Keywords

1 Introduction

Privacy-preserving data publishing (PPDP) is the emerging area where data is published to the third party while preserving privacy of individuals whose data is contained in the published data. Transactional data is the real-world dataset generated by the widely used applications such as retail store and healthcare. The dataset is of the form {id: a1, a2an} where id denotes the identity of user and a1, a2an denote the set of attributes belongs to the user.

The primary requirement in PPDP is the protection of identity disclosure [1]. km-anonymity [1] is the model which ensures the protection of identity disclosure in transactional data with minimal information loss. Km-anonymity model ensures every m no. of items should occur in k transactions. There are numerous methods are available to achieve km-anonymity. Disassociation [2] is the method which is based on bucketization to achieve km-anonymity while incurring less information loss. There are three phases in Disassociation—(i) Horizontal partitioning, (ii) Vertical partitioning, and (iii) Refining.

In first phase, the similar transactions are put into one cluster. In the second phase, the cluster is converted into km-anonymous record chunks by placing infrequent item combinations in different record chunks. In any of the privacy-preserving data publishing methods, there are two steps, first, make equivalence classes of similar records, and second, apply anonymization method to anonymize the records in the equivalence class.
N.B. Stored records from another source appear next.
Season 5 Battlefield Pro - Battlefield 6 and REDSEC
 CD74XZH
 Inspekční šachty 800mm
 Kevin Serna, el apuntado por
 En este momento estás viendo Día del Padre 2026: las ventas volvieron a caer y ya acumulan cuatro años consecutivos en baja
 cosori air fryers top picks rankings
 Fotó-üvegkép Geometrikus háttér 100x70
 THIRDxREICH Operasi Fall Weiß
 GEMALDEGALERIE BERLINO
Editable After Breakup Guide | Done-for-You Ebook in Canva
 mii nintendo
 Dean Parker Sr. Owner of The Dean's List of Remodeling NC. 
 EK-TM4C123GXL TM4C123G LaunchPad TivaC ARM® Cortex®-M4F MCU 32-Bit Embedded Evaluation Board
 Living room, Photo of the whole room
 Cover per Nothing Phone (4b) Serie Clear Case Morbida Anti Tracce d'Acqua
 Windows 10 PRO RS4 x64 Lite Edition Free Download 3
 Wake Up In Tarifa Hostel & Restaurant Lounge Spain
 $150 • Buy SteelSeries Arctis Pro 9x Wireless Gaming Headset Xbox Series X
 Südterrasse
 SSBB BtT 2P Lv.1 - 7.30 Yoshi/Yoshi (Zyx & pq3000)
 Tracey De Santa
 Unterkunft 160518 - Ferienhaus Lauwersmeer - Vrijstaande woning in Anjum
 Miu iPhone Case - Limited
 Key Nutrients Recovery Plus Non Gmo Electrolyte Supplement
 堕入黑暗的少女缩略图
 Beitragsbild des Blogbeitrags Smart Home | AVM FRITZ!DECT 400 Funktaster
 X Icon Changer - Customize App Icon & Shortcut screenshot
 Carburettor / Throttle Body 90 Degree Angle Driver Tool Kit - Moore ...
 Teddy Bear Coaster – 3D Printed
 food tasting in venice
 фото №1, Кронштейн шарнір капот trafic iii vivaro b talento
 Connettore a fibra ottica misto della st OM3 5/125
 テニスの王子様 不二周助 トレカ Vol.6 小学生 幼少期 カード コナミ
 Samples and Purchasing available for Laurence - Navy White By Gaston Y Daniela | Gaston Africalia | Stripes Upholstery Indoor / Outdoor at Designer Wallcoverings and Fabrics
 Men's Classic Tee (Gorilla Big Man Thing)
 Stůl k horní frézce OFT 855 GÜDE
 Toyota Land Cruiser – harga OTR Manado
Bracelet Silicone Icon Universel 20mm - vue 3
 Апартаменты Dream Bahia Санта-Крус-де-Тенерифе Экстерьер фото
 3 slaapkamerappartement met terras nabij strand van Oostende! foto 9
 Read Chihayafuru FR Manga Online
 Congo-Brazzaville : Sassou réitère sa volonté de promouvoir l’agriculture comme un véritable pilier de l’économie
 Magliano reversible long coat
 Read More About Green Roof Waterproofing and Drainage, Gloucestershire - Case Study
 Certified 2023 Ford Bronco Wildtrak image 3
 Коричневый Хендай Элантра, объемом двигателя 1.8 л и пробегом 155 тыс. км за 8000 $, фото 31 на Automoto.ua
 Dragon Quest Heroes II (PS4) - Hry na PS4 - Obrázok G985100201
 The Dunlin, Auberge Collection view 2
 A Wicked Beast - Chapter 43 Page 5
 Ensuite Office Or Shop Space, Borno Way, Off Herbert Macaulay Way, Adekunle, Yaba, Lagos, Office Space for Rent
Therefore, if there are more similar records in a cluster, then there will be less modifications to achieve the desired privacy level and data utility will be maintained. Thus, creation of good equivalence classes/clusters is the main step of PPDP.

Ant colony optimization (ACO) is the technique used by insects existing in adjacent colonies in the search for food. If a source of food is found by any ant team/colony, then some teams of ants follow diverse paths searching this food, leaving behind pheromone trail, a chemical usually excreted by animals, and is of great importance for insects. The pheromone trail directs the other ants, and with its help, other ants follow the way laid down by the ants moving in front of them. Few ant teams will reach the food source prior to the other teams due to the fact that they would have traversed the shortest path, and then they will follow the same path to go back to their colony before the other ant teams. Now this shortest path will have the pheromone trails as the team have traversed this path and came back before other team following another path; therefore, probability of other teams taking the same path over other paths is much higher, lest some other paths (better) are discovered by another teams. Pheromone trail of the shortest path is expected to be more concentrated than the other paths.

Inspiration of the ant-based clustering algorithm comes from the clustering of corpses and larval sorting events found in real ant colonies. Deneubourg et al. [3] have first started the study in this field. He has proposed a basic model in which objects in clusters are randomly moved, picked up, and dropped as per the similarity found in surrounding objects. LF algorithm proposed by Lumer and Faieta [4] which is an extension of basic model, which is applicable for numerical datasets. In this algorithm, ants are considered as agents who travel in a four-sided grid in a random fashion. These agents pick up, transport, and drop the data items scattered within this environment. Operations (picking and dropping) are executed as per the similarity and density of the data items found in the ants’ neighborhood: either isolated or data items surrounded by dissimilar ones are likely to be picked up by ants, and ants have a tendency to drop them near the comparable ones. This is how elements are clustered and sorted in the grid. The ant colony clustering algorithm are more flexible, robust, and decentralized [5,6,7] than traditional methods.

The paper proposed the use of ant colony clustering algorithm on transactional dataset for making optimized clusters of similar transactions.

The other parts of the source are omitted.